Hydrodynamics of Flow in a Channel with Two Lateral Submerged Groynes

Installing groynes in a river has important implications for controlling the scouring process along river banks, maintaining channels for navigation, restoring fish habitat and on the mass transport processes. In many rivers flooding occurs several times a year causing most groynes to become submerged. The momentum convected into the embayment between successive groynes by the flow overtopping the groyne crest can significantly change the whole circulation pattern inside and around the embayments. In the submerged case the embayment can exchange momentum and mass both horizontally via the lateral channel-embayment interface and vertically via the roof interface.

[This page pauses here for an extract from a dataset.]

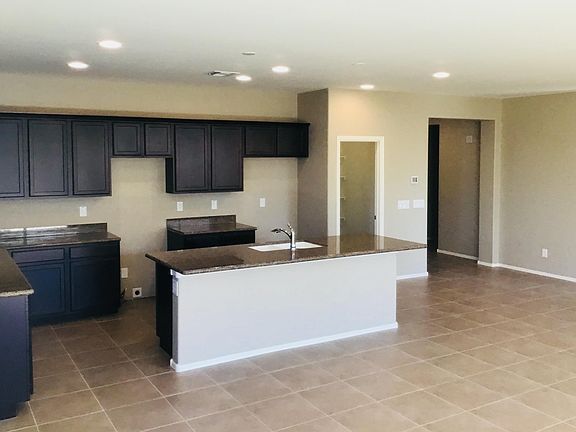 4th image of 22645 E Creosote Dr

Thus, studying the effect of submergence on the momentum and mass transfer processes at groyne fields is important. Large Eddy Simulation is used to investigate the dynamics of the main coherent structures present in the flow around two vertical submerged groynes situated in a long flat-bed open channel. The Reynolds number defined with the height of the groyne D and the bulk channel velocity, U, is Re=13,600. The total channel depth is h=1.4D corresponding to flood conditions and the incoming channel flow is fully turbulent. The statistically averaged three dimensional (3D) vortical structures located in the upstream recirculation zone, embayment, detached shear layers, and downstream of the second groyne are visualized and the flow dynamics in these regions is described. The differences between the instantaneous coherent structures in the turbulent flow and the vortical structures present in the mean flow field are also highlighted and explained. The role of these large scale structures in the mass exchange between the embayment region and the main channel is investigated.